The hydrophobic core sequence modulates the neurotoxic and secondary structure properties of the prion peptide 106-126.

The neurodegeneration seen in spongiform encephalopathies is believed to be mediated by protease-resistant forms of the prion protein (PrP). A peptide encompassing residues 106-126 of human PrP has been shown to be neurotoxic in vitro. The neurotoxicity of PrP106-126 appears to be dependent upon its adoption of an aggregated fibril structure. To examine the role of the hydrophobic core, AGAAAAGA, on PrP106-126 toxicity, we performed structure-activity analyses by substituting two or more hydrophobic residues for the hydrophilic serine residue to decrease its hydrophobicity. A peptide with a deleted alanine was also synthesized. We found all the peptides except the deletion mutant were no longer toxic on mouse cerebellar neuronal cultures. Circular dichroism analysis showed that the nontoxic PrP peptides had a marked decrease in beta-sheet structure. In addition, the mutants had alterations in aggregability as measured by turbidity, Congo red binding, and fibril staining using electron microscopy. These data show that the hydrophobic core sequence is important for PrP106-126 toxicity probably by influencing its assembly into a neurotoxic structure. The hydrophobic sequence may similarly affect aggregation and toxicity observed in prion diseases.

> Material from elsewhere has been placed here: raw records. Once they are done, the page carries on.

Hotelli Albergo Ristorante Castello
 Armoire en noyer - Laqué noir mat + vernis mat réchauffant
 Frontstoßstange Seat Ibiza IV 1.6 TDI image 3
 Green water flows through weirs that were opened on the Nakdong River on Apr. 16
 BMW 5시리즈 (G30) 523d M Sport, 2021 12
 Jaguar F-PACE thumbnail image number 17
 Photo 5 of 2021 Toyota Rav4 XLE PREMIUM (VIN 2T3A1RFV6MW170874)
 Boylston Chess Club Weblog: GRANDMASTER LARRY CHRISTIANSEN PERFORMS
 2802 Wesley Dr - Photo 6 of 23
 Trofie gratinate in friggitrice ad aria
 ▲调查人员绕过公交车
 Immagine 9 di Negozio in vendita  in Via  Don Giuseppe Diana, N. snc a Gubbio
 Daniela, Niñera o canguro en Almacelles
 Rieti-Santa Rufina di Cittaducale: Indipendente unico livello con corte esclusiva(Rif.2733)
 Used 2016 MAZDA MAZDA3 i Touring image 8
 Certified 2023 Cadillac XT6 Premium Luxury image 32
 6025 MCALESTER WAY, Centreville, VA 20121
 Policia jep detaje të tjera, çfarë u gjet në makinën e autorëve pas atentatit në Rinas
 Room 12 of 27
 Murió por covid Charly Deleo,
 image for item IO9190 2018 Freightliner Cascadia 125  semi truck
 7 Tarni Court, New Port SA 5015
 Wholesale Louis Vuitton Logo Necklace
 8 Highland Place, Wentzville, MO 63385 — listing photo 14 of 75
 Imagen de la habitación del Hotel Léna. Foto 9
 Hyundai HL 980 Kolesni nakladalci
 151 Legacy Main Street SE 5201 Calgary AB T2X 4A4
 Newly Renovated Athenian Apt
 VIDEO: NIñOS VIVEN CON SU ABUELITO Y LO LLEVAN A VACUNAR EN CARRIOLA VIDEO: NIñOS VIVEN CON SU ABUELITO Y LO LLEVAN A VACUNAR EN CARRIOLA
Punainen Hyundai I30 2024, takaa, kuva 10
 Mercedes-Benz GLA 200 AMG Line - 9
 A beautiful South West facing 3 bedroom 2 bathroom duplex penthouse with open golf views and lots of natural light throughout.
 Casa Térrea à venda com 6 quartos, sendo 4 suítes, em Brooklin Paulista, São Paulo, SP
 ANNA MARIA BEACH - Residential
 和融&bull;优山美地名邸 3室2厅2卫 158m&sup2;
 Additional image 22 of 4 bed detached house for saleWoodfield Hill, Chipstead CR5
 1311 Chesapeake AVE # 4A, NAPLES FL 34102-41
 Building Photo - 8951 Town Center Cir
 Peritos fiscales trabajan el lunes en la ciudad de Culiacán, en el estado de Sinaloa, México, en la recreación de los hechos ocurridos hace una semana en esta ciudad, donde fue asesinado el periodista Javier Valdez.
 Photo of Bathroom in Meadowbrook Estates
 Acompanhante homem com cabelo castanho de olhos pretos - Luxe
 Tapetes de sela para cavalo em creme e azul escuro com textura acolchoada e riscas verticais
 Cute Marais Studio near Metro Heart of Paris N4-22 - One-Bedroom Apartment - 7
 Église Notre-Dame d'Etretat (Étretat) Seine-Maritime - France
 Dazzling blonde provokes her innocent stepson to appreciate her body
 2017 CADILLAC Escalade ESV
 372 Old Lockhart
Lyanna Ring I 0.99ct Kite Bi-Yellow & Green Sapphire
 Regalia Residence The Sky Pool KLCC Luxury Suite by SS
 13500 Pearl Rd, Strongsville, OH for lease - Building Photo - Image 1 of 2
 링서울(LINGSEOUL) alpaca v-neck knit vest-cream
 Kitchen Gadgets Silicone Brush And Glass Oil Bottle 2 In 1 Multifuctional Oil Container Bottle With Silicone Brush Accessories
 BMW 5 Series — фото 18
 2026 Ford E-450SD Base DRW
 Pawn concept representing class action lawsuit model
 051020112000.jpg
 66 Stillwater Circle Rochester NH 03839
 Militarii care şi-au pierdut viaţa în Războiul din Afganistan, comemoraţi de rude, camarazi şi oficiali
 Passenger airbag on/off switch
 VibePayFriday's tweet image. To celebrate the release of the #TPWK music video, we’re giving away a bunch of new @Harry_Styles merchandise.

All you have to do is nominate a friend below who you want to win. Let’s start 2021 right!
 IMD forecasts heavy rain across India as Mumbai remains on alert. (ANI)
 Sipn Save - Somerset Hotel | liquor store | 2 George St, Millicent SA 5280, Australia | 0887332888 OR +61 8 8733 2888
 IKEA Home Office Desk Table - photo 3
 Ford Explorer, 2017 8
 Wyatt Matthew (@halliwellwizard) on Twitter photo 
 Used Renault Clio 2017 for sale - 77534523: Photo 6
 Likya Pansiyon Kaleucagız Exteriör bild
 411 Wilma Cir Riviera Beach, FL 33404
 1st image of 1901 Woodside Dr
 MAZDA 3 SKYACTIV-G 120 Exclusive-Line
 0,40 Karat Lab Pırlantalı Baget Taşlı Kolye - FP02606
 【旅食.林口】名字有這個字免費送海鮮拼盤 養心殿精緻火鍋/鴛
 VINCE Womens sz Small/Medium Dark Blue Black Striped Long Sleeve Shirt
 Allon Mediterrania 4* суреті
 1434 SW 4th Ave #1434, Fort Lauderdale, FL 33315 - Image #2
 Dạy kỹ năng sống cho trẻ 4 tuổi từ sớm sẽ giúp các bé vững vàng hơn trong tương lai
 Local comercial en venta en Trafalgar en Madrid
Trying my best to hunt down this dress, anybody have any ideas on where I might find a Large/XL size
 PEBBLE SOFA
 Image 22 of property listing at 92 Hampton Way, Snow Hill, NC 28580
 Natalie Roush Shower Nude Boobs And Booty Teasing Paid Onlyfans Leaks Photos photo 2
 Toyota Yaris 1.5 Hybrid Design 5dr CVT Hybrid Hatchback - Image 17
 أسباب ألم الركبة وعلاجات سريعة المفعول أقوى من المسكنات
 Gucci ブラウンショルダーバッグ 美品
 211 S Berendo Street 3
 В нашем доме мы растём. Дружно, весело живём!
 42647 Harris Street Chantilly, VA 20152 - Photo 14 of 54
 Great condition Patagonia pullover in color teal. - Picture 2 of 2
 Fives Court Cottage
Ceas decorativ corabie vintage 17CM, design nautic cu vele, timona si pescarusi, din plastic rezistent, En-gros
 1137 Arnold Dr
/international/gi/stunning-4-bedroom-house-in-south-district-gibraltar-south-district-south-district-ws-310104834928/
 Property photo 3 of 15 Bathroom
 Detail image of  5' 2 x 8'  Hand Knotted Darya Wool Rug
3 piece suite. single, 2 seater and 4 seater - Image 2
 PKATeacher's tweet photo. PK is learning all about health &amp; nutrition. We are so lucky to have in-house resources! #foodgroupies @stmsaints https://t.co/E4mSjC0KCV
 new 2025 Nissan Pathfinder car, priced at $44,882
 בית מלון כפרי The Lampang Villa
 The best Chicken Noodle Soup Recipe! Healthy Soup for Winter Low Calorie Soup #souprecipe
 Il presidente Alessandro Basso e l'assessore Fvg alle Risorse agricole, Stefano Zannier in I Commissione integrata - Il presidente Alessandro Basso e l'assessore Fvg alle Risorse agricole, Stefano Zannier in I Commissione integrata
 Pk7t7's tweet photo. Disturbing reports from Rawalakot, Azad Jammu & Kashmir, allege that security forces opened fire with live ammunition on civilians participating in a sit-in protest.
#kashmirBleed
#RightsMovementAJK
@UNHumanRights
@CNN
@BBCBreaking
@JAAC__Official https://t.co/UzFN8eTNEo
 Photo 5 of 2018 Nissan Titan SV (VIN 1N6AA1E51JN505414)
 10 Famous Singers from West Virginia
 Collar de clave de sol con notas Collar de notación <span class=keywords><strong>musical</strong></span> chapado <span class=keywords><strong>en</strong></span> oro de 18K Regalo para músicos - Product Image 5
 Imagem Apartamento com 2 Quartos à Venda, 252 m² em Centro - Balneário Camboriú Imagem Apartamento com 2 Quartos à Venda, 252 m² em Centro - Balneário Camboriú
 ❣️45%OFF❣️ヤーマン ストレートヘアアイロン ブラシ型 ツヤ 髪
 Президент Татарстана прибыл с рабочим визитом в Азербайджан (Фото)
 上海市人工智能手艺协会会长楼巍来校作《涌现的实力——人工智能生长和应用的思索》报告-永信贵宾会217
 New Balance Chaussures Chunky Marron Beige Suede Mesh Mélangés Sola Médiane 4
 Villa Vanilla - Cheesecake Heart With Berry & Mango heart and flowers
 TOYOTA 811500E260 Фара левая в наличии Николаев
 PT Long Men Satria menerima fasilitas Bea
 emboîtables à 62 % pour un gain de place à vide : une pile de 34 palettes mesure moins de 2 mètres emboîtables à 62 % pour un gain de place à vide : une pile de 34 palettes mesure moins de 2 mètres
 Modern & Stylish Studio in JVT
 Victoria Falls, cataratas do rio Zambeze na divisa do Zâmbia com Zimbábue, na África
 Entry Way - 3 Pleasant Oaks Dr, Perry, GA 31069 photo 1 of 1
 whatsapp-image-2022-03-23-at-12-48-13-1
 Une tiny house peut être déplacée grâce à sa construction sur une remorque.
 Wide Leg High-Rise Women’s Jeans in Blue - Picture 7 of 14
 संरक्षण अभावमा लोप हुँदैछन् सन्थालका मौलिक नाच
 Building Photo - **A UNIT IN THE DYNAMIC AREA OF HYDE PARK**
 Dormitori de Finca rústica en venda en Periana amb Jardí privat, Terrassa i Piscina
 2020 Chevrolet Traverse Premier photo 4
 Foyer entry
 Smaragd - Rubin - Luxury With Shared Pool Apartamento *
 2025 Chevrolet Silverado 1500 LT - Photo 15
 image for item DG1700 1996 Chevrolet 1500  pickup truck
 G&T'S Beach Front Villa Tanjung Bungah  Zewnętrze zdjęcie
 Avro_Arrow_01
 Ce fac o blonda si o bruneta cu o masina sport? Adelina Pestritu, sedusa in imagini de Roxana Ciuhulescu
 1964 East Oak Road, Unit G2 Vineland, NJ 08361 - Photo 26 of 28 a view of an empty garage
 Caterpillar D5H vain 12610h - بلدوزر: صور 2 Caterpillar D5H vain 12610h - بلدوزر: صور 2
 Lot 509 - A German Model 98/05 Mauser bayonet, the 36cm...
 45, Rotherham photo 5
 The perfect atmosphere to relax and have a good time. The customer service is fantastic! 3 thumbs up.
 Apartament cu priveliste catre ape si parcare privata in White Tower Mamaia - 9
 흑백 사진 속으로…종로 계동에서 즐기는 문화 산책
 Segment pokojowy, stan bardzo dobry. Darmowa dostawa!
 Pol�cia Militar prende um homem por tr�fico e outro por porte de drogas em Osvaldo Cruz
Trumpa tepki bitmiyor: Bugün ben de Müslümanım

Familial prion disease mutation alters the secondary structure of recombinant mouse prion protein: implications for the mechanism of prion formation.

A considerable body of data supports the model that the infectious agent (called a prion) which causes the transmissible spongiform encephalopathies is a replicating polypeptide devoid of nucleic acid. Prions are believed to propagate by changing the conformation of the normal cellular prion protein (PrPc) into an infectious isoform without altering the primary sequence. Proteins equivalent to the mature form of the wild-type mouse prion protein (residues 23-231) or with a mutation equivalent to that associated with Gerstmann-Straüssler-Scheinker disease (proline to leucine at codon 102 in human; 101 in mouse) were expressed in E. coli. The mutation did not alter the relative proteinase K susceptibility properties of the mouse prion proteins. The wild-type and mutant proteins were analyzed by circular dichroism under different pH and temperature conditions. The mutation was associated with a decrease in alpha-helical content, while the beta-sheet content of the two proteins was unchanged. This suggests the mutation, while altering the secondary structure of PrP, is not sufficient to induce proteinase K resistance and could therefore represent an intermediate isoform along the pathway toward prion formation.